Dans ces zones désertiques, je me fais  peur avec l’eau une fois. Encore la faute à ma carte... et aux panneaux de signalisation aussi…qui m’indiquent des villages là ou il n’y a rien. En général, par soucis de poids (heu...par fainéantise) , j’essaie de transporter juste la quantité d’eau dont j’ai besoin jusqu’au prochain village, avec une marge de « sécurité »,  sur la route 40, ça tourne souvent autour des 8 litres.


Ruta 40 - le "village" de Tucunuco - Bon ben, c'est pas ici que je vais remplir mes gourdes...

Mais quand ces villages fantômes se succèdent, je me retrouve à rouler en réserve et tombe en panne sèche au milieu de nulle part et en fin de journée (c’est mieux !) Le prochain village  où je suis sûr de trouver de l'eau est bien trop loin pour l’atteindre aujourd’hui.  Me voilà résigner à arrêter les voitures pour demander de l’eau. La circulation est faible et la moisson est bien maigre : une demi bouteille d’eau, un peu de coca, pas de quoi passer la nuit ni d’allez jusqu’au prochain village. J’abandonne vite la collecte pour passer au plan B : ces petits « sanctuaires » de fortune que je vois un peu partout en bord de route. Je pensais que c’était des sépultures, mais je me rends compte que les trois même noms revenaient souvent : San Expedito, Gauchito gil et Difuenta corea. Il y en a un tout les 20 kilomètres au moins et ils sont couverts de bouteilles d’eau (pleines !)

Un des ces sanctuaires

Je roule jusqu’au prochain, et,  sans trop savoir ce que cela signifie, je prends deux bouteilles d’eau, de quoi rouler jusqu’au prochain village. Le lendemain , j’arrive à Talacasto, une maison en tout et pour tout ! Le propriétaire m’en dit un peu plus sur ces « sanctuaires ». A la ville de San Juan, je demande aussi à plusieurs personnes. J’entends autant de versions différentes que de personnes auxquelles je demande… Il s’agit de légendes, difuenta correa serait l’histoire d’une jeune femme qui se serait échappée et serait morte de soif dans ces zones désertiques, gauchito gil aurait été pendu après avoir déserté de la guerre contre le Paraguay au 19ème siècle. Les routiers font des offrandes (eau, cigarettes, objet divers) pour leur rendre hommage.


Un autre...

Les derniers kilomètres entre San Juan et Mendoza sont plus stressants. Cette fois la circulation est assez dense et les camions m’obligent souvent à sortir de la route. Ici aussi les chauffeurs routiers préfèrent appuyer sur le klaxon pour me dire de laisser la voie libre plutôt que de freiner. Je passe les vignes qui entourent Mendoza et arrive au centre ville.  
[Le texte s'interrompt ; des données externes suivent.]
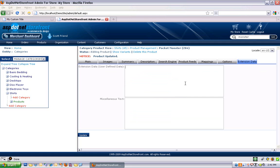And the extension data tab is really just a place to put extra data about your products. It won't show anywhere on the website unless you modify your XML packages to show that data. So, for the most part, most people leave these blank.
La rue Serpenoise à Metz....heu non la rue Sarmiento à Mendoza...

Salta m’avait séduit par son coté typique et son architecture coloniale, Mendoza me plait beaucoup aussi dans un registre tout à fait différent. La ville située au pied de volcans qui culminent à plus de 6000 mètres a été sujette à un gros tremblement de terre en 1861. La ville a été reconstruite avec de larges avenues arborés, des espaces verts, des esplanades, des parcs et jardins et ressemble beaucoup à une ville française. Elle semble vraiment agréable à vivre. J'y prends quelques jours de repos et je retrouve Jaqueline et Kayla. 


Repas chez la famille qui accueille Jacqueline et Kayla - Gracias a todos
 A bientôt.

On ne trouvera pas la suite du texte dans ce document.